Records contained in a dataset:
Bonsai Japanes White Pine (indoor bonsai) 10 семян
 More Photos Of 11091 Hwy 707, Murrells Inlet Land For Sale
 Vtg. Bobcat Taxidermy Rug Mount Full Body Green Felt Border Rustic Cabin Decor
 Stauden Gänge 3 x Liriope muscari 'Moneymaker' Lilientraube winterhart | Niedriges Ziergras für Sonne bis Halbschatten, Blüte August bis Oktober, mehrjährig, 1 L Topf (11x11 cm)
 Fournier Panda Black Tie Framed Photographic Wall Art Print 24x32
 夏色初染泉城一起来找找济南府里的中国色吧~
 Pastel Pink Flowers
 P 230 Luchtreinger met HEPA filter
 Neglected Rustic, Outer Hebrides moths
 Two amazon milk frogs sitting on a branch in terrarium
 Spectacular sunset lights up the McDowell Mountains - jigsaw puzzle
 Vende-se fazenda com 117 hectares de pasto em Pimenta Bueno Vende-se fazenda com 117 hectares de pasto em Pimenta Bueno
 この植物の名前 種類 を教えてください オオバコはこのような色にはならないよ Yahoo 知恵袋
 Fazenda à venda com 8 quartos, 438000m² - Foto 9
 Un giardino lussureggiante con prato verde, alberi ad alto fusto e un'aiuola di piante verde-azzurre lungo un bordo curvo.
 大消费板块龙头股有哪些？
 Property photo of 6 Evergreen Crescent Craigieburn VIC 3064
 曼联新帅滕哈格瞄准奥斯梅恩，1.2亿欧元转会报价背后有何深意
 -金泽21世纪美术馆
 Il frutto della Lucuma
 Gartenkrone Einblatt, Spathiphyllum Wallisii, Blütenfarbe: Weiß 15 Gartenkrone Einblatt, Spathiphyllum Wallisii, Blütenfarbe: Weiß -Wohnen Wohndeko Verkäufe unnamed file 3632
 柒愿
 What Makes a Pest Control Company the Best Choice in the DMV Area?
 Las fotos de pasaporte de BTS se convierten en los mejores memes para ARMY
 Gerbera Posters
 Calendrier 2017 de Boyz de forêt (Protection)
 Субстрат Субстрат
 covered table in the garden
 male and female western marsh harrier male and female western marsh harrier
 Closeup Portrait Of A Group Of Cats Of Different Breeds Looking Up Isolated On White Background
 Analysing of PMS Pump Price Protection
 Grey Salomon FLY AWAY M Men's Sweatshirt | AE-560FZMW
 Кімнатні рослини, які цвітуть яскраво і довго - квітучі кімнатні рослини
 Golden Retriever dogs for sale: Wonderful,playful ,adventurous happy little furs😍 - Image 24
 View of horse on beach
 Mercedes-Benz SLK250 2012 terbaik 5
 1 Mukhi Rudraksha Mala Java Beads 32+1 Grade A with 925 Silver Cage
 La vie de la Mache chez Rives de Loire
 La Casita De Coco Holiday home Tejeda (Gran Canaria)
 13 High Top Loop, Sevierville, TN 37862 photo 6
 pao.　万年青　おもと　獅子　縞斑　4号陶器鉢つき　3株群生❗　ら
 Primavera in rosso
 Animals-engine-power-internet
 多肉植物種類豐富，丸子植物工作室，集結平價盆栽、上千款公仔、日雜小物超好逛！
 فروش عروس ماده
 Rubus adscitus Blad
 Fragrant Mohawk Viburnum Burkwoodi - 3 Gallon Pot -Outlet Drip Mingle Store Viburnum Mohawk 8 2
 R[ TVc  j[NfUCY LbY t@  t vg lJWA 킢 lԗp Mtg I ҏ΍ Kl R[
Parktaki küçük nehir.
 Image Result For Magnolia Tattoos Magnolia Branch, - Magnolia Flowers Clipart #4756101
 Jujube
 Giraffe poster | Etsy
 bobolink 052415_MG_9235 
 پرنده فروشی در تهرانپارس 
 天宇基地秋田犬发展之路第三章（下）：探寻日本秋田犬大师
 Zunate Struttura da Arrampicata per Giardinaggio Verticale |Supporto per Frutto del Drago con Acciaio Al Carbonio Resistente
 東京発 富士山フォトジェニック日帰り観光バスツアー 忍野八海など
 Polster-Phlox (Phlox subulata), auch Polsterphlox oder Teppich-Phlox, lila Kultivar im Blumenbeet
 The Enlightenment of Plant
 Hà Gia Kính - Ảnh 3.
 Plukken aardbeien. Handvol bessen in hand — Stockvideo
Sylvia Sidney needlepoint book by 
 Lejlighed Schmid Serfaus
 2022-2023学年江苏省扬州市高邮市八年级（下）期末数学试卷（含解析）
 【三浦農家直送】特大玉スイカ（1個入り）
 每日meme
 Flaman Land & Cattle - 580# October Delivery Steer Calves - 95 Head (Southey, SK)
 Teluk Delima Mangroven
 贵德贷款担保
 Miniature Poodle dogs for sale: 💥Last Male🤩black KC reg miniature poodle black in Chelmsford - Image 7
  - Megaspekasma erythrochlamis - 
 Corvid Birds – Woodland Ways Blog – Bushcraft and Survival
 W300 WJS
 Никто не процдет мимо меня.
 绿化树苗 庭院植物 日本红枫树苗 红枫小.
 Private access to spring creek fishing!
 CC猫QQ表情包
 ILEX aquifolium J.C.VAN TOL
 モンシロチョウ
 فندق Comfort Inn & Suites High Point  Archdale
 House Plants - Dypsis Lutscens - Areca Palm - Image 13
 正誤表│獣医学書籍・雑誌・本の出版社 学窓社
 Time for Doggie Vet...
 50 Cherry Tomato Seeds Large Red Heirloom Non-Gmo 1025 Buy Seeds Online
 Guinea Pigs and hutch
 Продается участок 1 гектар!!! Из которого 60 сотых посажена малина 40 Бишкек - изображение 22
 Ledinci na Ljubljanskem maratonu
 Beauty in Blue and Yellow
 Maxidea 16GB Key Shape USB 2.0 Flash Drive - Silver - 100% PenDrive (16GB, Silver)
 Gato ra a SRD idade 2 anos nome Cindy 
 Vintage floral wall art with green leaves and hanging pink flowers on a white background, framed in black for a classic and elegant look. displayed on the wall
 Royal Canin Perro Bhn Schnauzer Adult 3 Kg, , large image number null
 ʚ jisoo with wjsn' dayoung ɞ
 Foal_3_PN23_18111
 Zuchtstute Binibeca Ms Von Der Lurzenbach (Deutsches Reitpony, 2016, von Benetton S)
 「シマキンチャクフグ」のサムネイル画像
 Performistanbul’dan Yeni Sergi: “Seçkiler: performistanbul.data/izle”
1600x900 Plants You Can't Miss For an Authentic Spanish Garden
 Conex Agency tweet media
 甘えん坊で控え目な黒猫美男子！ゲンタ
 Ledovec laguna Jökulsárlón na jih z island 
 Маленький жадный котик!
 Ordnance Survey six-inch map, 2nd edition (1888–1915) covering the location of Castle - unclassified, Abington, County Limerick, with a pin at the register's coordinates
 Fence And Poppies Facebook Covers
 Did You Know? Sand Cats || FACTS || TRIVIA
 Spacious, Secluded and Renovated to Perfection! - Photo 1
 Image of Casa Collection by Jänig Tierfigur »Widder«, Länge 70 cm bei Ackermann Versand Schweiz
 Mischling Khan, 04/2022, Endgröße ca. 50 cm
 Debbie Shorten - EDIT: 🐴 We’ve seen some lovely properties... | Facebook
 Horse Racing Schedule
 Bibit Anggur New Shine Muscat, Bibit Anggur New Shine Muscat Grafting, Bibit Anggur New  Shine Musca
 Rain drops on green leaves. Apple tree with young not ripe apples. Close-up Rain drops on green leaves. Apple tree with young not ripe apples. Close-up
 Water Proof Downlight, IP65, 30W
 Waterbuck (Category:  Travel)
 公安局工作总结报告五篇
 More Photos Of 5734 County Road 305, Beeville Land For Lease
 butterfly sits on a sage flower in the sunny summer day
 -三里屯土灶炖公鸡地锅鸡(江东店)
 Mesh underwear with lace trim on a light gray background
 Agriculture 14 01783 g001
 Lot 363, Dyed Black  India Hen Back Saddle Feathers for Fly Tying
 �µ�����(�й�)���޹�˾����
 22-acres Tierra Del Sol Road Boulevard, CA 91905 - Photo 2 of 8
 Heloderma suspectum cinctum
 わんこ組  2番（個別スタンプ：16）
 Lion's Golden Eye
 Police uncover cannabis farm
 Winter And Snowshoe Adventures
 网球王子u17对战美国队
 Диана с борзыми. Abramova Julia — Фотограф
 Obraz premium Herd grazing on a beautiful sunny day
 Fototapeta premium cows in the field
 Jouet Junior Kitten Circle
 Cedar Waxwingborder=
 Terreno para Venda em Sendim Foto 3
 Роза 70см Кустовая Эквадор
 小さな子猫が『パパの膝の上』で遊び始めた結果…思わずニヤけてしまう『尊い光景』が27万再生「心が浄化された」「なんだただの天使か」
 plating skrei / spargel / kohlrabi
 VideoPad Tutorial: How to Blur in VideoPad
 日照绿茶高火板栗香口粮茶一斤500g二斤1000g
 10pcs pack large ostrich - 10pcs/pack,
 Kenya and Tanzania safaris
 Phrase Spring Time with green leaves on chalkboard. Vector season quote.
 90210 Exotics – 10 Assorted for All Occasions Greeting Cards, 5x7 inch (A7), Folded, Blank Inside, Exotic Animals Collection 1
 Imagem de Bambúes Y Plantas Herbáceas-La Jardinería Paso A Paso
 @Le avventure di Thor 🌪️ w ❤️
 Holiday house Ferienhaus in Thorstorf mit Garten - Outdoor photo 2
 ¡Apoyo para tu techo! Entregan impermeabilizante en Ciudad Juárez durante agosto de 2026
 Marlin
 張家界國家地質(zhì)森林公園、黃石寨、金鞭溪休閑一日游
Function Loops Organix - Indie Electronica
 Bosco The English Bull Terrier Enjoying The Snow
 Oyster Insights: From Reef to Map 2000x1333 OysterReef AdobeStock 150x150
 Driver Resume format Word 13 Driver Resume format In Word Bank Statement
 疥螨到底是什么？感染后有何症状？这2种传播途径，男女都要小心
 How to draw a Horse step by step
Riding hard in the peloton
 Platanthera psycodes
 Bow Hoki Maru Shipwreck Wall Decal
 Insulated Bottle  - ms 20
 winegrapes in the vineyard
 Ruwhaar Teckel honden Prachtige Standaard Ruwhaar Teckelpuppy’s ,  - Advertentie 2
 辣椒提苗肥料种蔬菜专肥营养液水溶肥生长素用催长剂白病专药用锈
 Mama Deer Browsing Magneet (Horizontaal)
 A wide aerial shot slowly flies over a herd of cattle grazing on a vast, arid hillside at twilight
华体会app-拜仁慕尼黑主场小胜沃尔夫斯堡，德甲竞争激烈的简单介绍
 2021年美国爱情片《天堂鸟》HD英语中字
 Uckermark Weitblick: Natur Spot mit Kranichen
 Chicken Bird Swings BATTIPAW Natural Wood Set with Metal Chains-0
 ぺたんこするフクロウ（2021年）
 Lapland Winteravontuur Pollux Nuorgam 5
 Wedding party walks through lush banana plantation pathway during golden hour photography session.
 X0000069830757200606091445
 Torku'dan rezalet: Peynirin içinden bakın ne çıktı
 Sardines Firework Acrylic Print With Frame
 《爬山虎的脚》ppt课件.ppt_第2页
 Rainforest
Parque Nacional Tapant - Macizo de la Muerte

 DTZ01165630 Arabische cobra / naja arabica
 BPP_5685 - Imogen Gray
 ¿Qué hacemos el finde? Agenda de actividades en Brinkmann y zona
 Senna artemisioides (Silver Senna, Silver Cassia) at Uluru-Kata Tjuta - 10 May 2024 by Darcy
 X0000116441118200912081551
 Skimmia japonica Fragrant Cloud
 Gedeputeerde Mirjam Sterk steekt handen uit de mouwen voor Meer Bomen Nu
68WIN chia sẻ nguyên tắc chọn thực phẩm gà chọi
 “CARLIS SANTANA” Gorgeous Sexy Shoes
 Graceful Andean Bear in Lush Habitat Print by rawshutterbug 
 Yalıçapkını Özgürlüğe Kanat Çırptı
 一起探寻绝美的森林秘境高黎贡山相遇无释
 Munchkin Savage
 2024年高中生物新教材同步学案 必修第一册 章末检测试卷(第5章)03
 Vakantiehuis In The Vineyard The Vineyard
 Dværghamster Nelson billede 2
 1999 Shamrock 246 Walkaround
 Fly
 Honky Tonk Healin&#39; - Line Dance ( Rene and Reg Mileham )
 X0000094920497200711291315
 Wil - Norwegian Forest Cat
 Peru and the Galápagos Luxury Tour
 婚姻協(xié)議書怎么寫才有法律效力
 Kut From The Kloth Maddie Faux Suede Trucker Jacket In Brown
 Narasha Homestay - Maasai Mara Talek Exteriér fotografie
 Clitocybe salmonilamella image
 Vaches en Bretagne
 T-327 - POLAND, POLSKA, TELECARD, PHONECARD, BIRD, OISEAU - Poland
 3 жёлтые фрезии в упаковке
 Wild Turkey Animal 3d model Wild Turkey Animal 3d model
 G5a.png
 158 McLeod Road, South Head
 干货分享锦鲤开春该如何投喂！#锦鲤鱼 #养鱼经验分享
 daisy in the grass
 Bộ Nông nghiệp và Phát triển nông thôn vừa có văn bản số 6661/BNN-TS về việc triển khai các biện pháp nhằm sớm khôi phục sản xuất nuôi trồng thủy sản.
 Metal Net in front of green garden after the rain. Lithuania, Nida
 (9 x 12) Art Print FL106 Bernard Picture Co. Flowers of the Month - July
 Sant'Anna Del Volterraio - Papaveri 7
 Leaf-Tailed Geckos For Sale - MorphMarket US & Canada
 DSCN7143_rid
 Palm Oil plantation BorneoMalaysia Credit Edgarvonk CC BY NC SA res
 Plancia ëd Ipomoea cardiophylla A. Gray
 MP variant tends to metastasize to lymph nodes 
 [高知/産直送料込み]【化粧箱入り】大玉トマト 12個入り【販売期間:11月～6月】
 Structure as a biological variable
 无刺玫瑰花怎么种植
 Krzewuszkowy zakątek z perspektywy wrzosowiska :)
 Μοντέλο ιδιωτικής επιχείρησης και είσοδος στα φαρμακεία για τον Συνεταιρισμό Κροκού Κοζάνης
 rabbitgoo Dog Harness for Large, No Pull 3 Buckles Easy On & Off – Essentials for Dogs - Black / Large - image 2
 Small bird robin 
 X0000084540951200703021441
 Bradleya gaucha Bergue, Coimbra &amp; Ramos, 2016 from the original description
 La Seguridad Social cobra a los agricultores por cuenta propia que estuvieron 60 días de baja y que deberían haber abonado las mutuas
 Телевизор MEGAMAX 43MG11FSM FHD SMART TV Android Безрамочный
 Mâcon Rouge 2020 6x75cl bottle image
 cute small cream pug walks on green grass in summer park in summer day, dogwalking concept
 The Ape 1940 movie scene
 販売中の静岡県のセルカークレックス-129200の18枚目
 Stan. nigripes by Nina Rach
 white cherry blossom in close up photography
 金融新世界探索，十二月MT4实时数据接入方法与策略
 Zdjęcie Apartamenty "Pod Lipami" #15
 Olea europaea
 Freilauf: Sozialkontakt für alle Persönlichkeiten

• YOUR TASK:
Above are some lines. Repeat exactly, and only, those from the line that has "rabbitgoo Dog Harness" through the line that has "La Seguridad Social".

• ANSWER SECTION:
 rabbitgoo Dog Harness for Large, No Pull 3 Buckles Easy On & Off – Essentials for Dogs - Black / Large - image 2
 Small bird robin 
 X0000084540951200703021441
 Bradleya gaucha Bergue, Coimbra &amp; Ramos, 2016 from the original description
 La Seguridad Social cobra a los agricultores por cuenta propia que estuvieron 60 días de baja y que deberían haber abonado las mutuas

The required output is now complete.